[Caption-style text data]
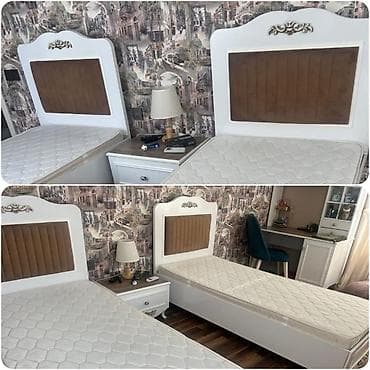 setqa kravat: 2 eded matrali yataq+tunba desd 500 azn.Unvan 6 mrkr(Gülü) — 1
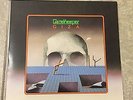 gatekeeper giza vinyl lp rene hell oneohtrix emeralds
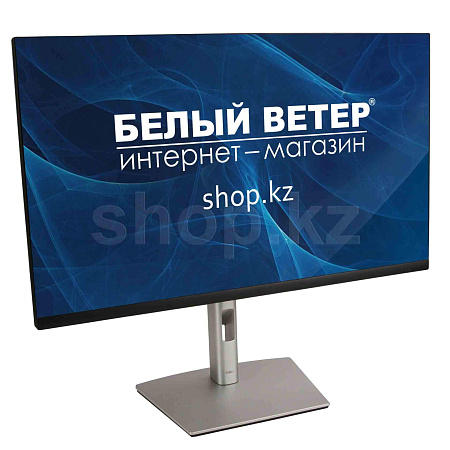 27" Dell P2722H, Black-Silver мониторы
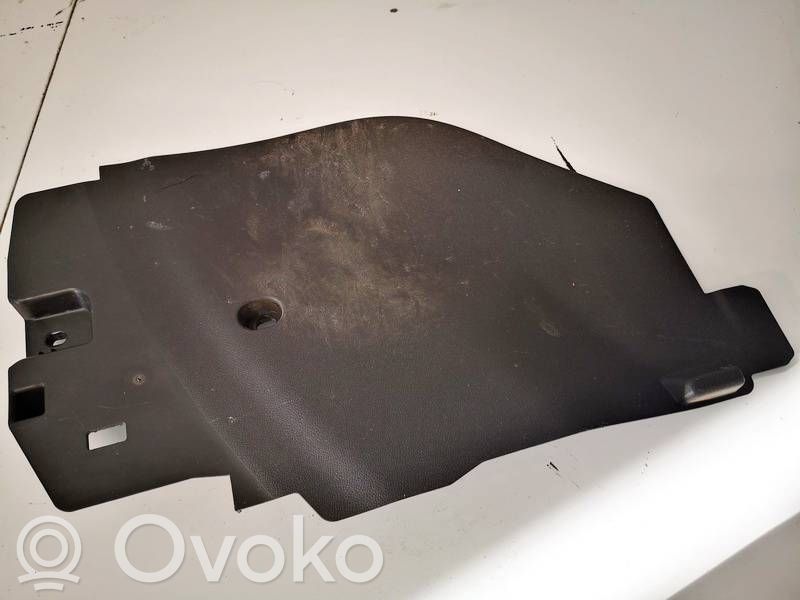 Opel Corsa E Alte piese de interior 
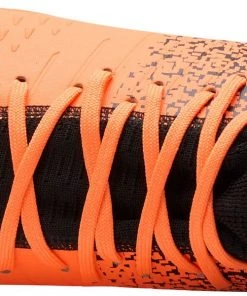 Puma Men's Future Z 4.3 TF Soccer Cleats For Women Orange/black -PUMA Sales 2022 unnamed file 2586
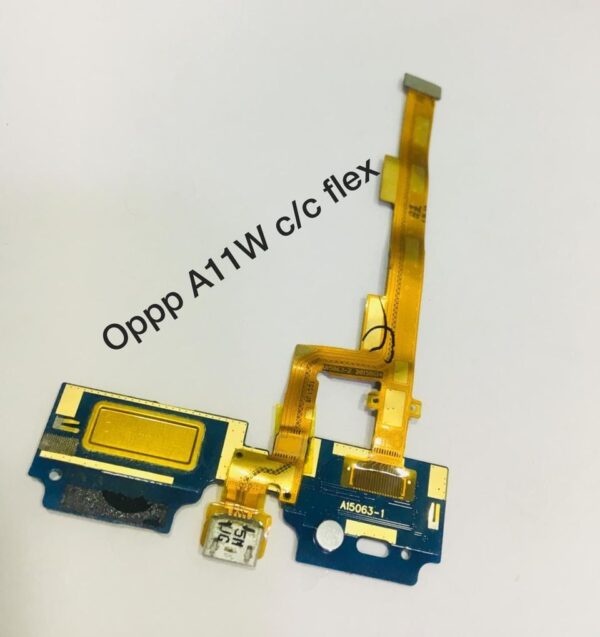 Charging Flex Cable For Nokia 625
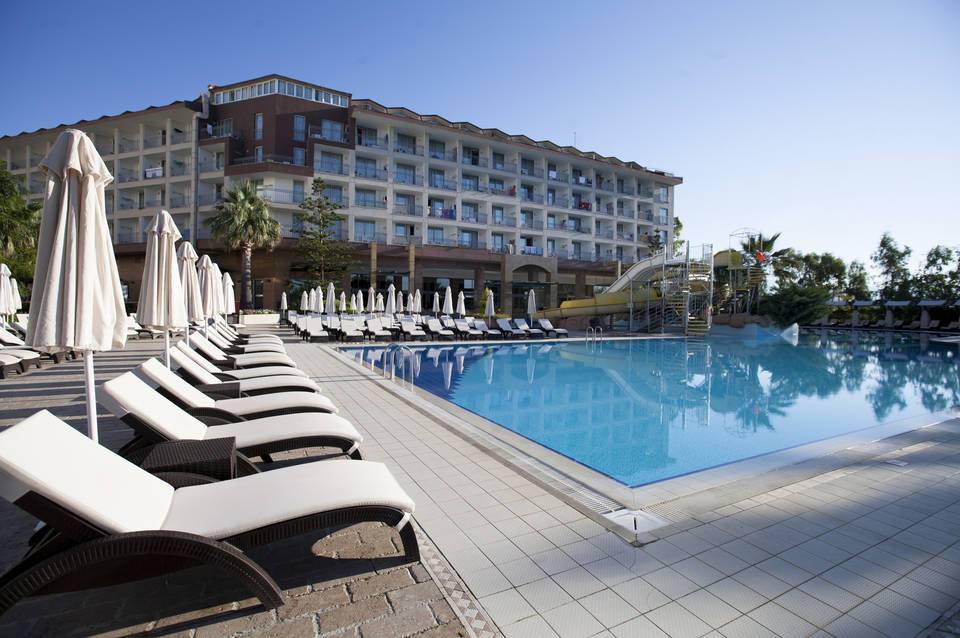 Washington Resort Hotel & SPA 2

> **Task to complete**: Print, exactly and without pictures, the lines from the one holding "Charging Flex Cable For Nokia 625" through the last line of the entries above, both included.

> **Written answer**:
 Charging Flex Cable For Nokia 625
 Washington Resort Hotel & SPA 2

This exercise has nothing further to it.